A Different Sort of Ban

The Fellowship  |  February 7, 2017

Two men leaving a facility with suitcases alongside them.
A Different Sort of Ban

Regardless of what one thinks about the current American policy on immigration being debated in the courts, many other countries already limit visitors based on nationality – especially those from the Jewish state. Writing at Israel Hayom, Martin Kramer says that many Muslim nations hypocritically practice exclusionary tactics:

[Bernard] Lewis, the great historian of the Middle East who last May turned 100, traveled extensively in Arab countries in the late 1930s and 1940s. Born in Britain to British-born parents, he traversed French-ruled Syria for his doctoral work, and then served in the British army in Arab lands during the Second World War. In 1949, at the age of 33, he was already a highly regarded academic authority on medieval Islam and a full professor at the University of London. The university gave him a year of study leave to travel in the Middle East. But the Arab reaction to the creation of Israel derailed his research plans.

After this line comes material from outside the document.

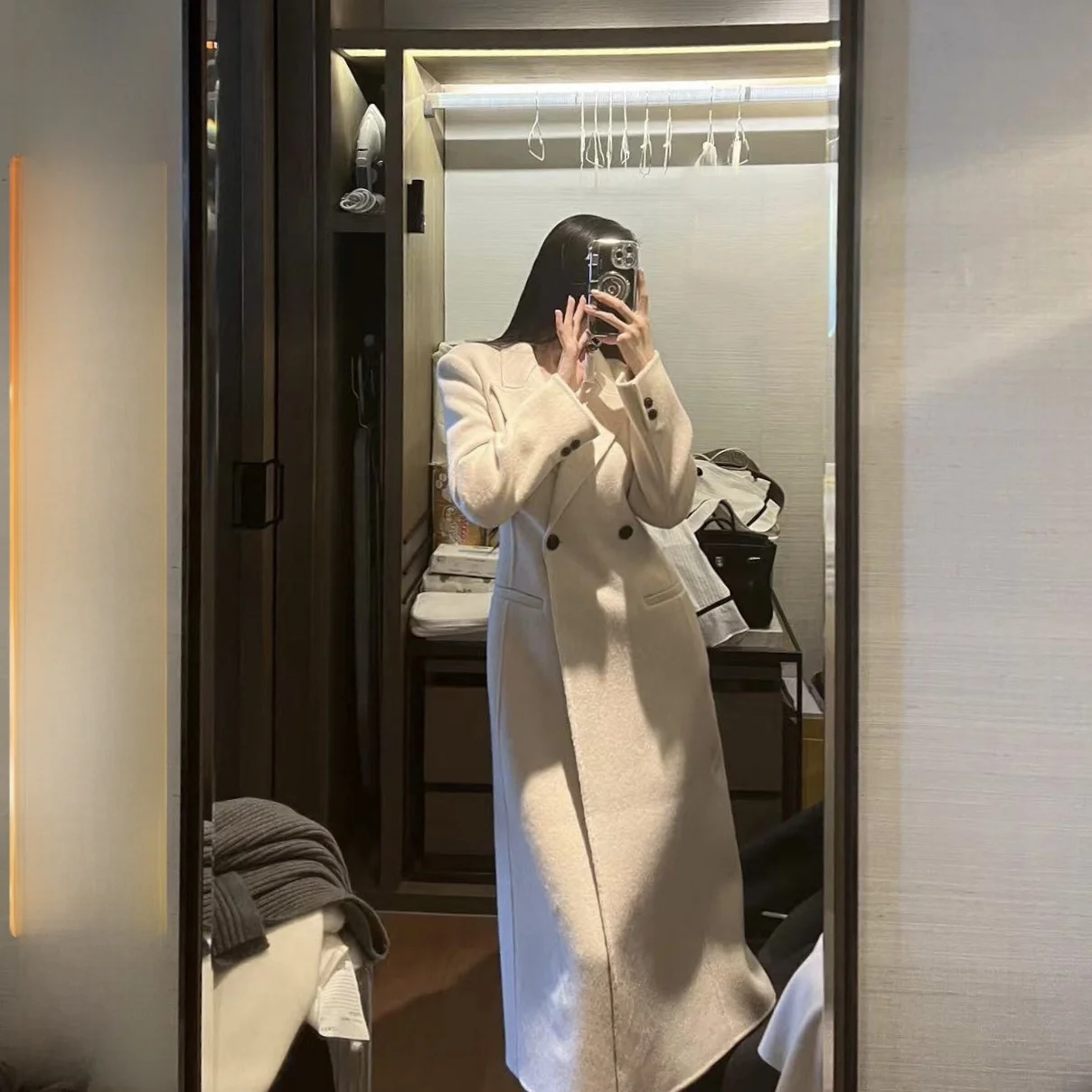 

FBB Limit Long Double-Faced Woolen Coat Women's Camel down Silk Blend Waist-Cinching Outerwear Simple round Ne Single-Button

Lewis explained what happened in an article published in 2006: “Virtually all the Arab governments announced that they would not give visas to Jews of any nationality. This was not furtive; it was public, proclaimed on the visa forms and in the tourist literature. They made it quite clear that people of the Jewish religion, no matter what their citizenship, would not be given visas or be permitted to enter any independent Arab country. Again, not a word of protest from anywhere…”

Today, Arab states do not ban Jews as such. They do ban Israelis. In fact, six of the seven states in Trump’s executive order ban the entry of Israeli passport holders: Iran, Iraq, Libya, Sudan, Syria and Yemen. (So, too, do another 10 Muslim-majority states.) Those same six states also won’t admit non-Israelis whose passports contain an Israeli visa. I’m not aware that the international community regards this as a particularly egregious affront to international norms. The governments of these countries regard every Israeli, whether Jewish or Arab, or any past visitor to Israel of any nationality, as a potential security threat. That’s not irrational, since some of these governments have a record of threatening Israel through incitement, sponsorship of terrorism, and dubious weapons projects…

But the governments of states such as Iran have no cause to profess outrage . No one has practiced blanket exclusion on the basis of nationality as unremittingly, decade after decade, as they have, and they aren’t likely to give it up any time soon. It would be unfortunate if this became the norm in the world. But it wouldn’t mark much of a change in the Middle East.